◆ Your assignment ◆
Your output should match the listing below word for word, without any images.

◆ Given data ◆
┏━━

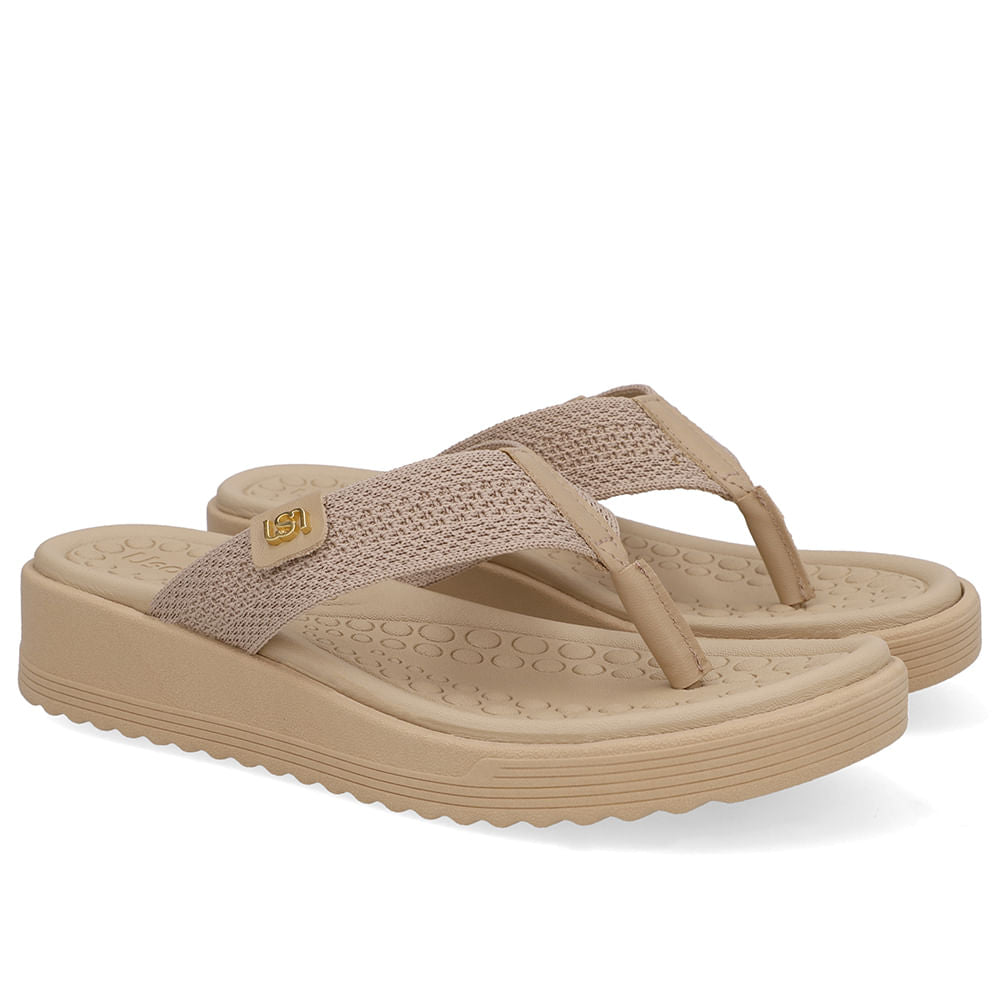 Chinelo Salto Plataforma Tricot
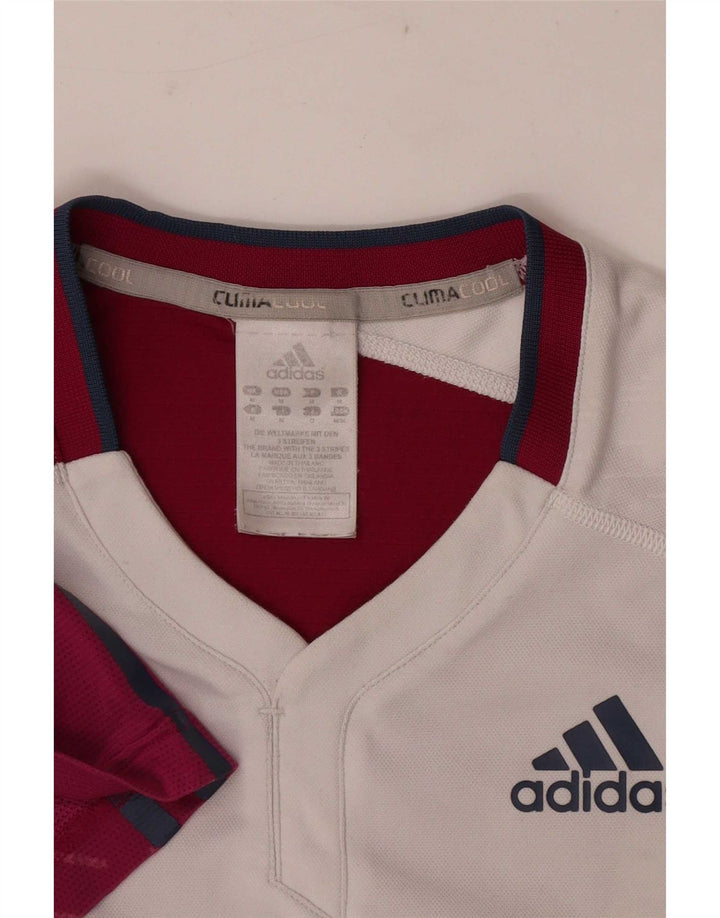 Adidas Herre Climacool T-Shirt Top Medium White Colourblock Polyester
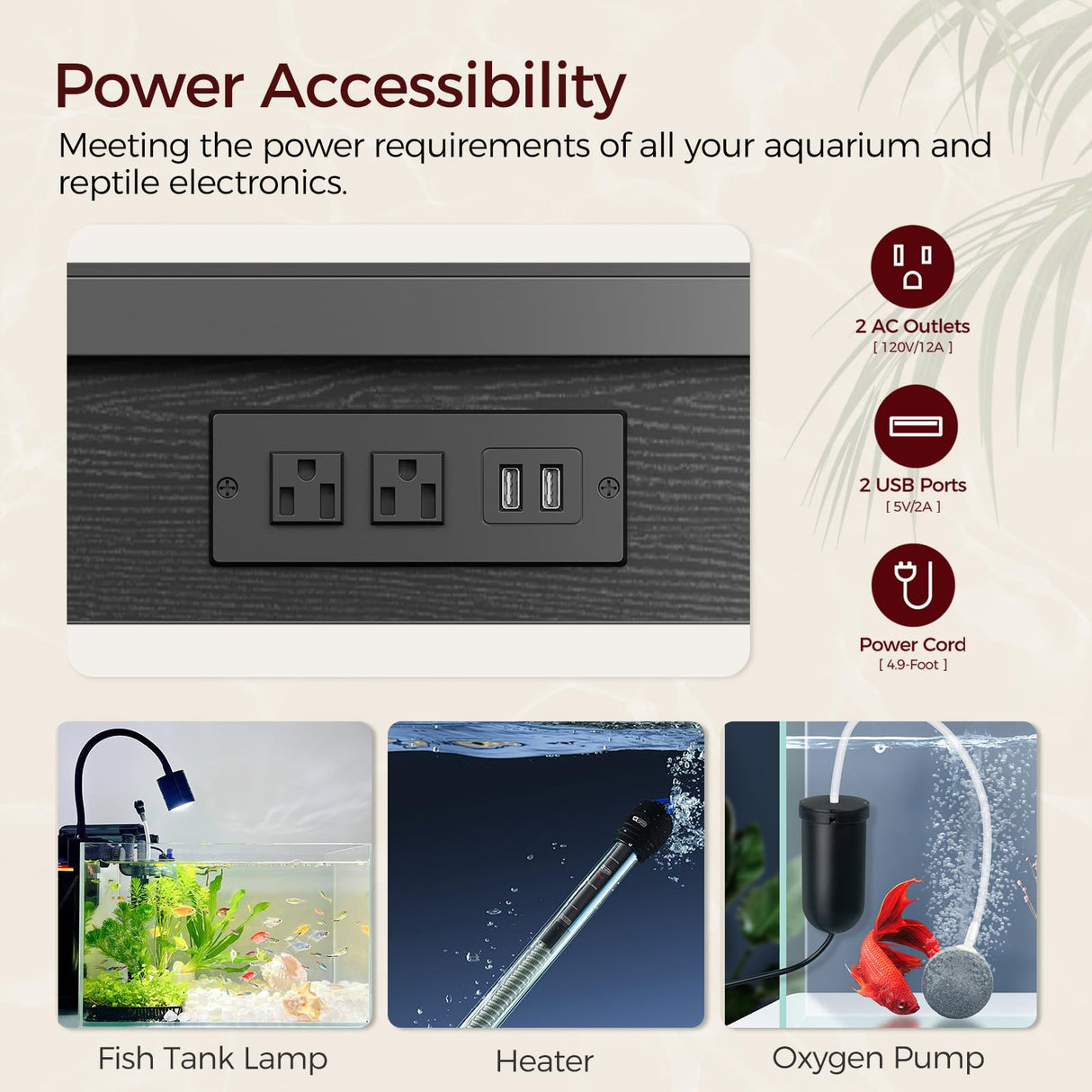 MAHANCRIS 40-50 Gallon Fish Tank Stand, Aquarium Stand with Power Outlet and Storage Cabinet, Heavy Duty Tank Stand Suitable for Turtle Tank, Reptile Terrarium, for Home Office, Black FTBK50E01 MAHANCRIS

┗━━

◆ The answer ◆
 Chinelo Salto Plataforma Tricot
 Adidas Herre Climacool T-Shirt Top Medium White Colourblock Polyester
 MAHANCRIS 40-50 Gallon Fish Tank Stand, Aquarium Stand with Power Outlet and Storage Cabinet, Heavy Duty Tank Stand Suitable for Turtle Tank, Reptile Terrarium, for Home Office, Black FTBK50E01 MAHANCRIS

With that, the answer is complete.